Mobility Plan’s Bad Date With ZAP
Began in 2016, Austin's proposed transportation plan still manages to be contentious
By Sarah Marloff, Fri., March 22, 2019
The Austin Strategic Mobility Plan arrives at City Council on March 28; for the last month, in final draft form, it has made the rounds of city commissions for feedback. On Tuesday, March 19, two weeks after the Zoning and Platting Commission received the Austin Transportation Department's ASMP presentation, the commission heard from the public and discussed the plan for two hours, but ended up making no recommendation to Council.

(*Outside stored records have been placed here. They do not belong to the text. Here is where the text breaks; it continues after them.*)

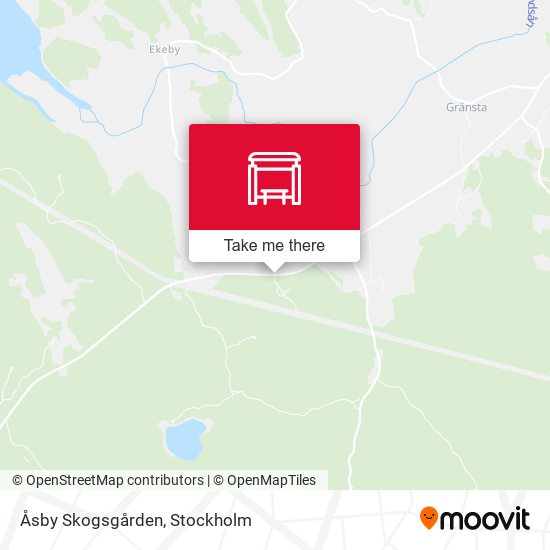 Åsby Skogsgården map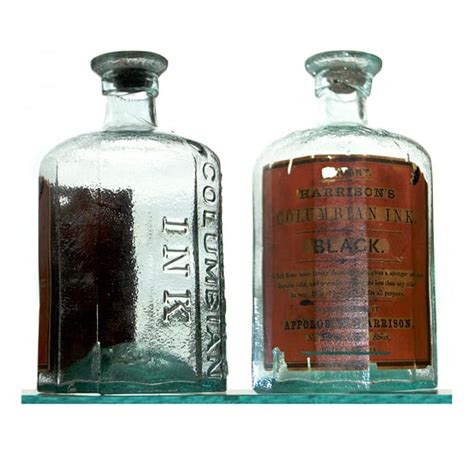 Harrison’s Columbian Ink – FOHBC Virtual Museum of Historical Bottles …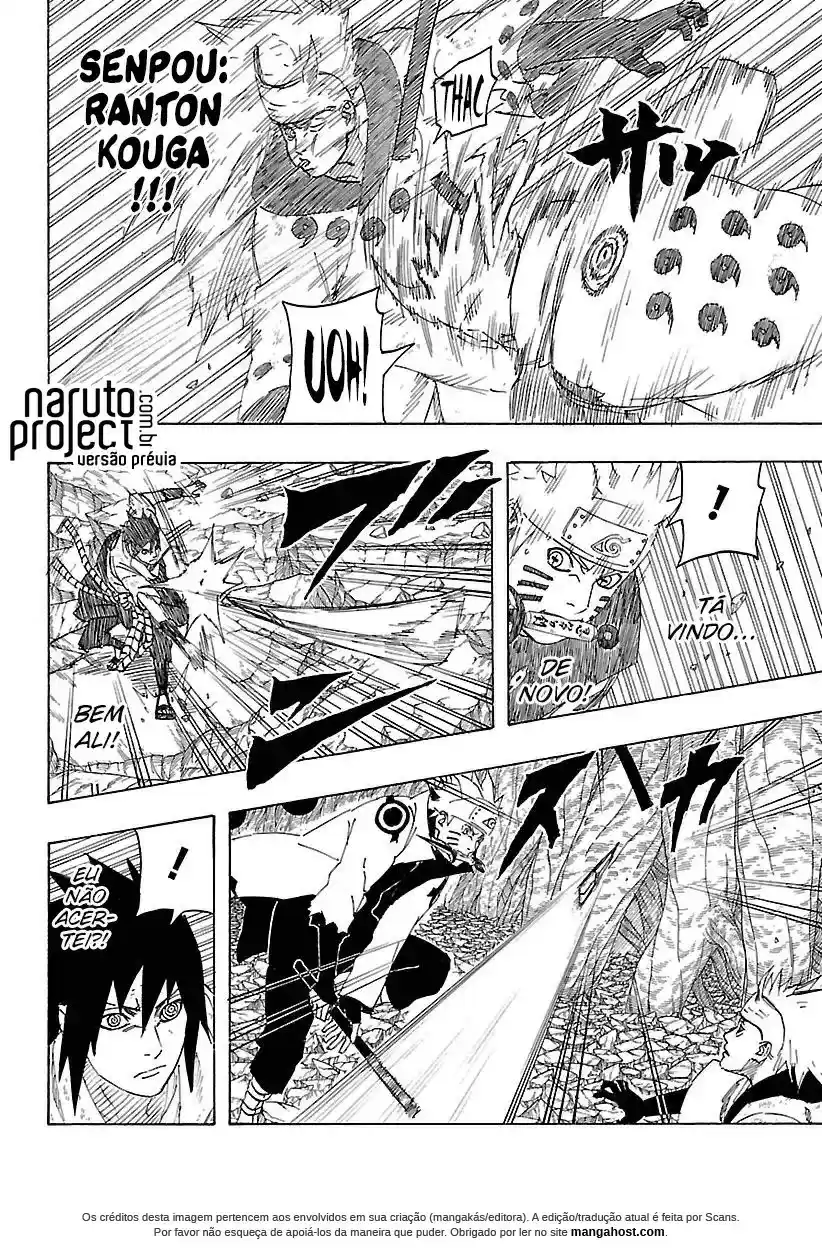 Read Naruto BR Manga Online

The ASMP, which began in 2016, seeks to update the Austin Metropolitan Area Transportation Plan that's been in effect since 1995. Though only six of the 10 ZAP commissioners were in attendance, the plan – which many agreed "on the whole" was good – still managed to be contentious. As commissioners scrutinized the ASMP's lofty goals to increase public transportation ridership while decreasing single-rider vehicle traffic, ATD Assistant Director Annick Beaudet, in an effort to move the conversation forward, asked ZAP to look at the plan as a target for the city and a way to communicate. Admitting the goals were high, Beaudet called that the "point of the plan" but added, "It's going to take all of us, as residents of Austin, to get there."
On a macro level, fears of gentrification and displacement again arose – specifically concerning the creation of transit-oriented development throughout the city, which Commissioner David King worried would push out long-term, lower-income residents. On a more micro level, Sandra De Leon, president of the Rainey Neighbors Association, spoke to the specific concerns of residents there, where the continued pace of large-scale development has been accompanied by a large spike in traffic.
The commission also urged Beaudet and city staff to stop working in department silos – noting that much of the ASMP is tied to land use and the potential pending revision of city code. At the end, commissioners concluded they had neither time to craft amendments to the plan nor enough votes to send a recommendation to Council. Commissioner Ann Denkler, who abstained from voting, said she and other commissioners would send individual recommendations to Council and ATD by March 26.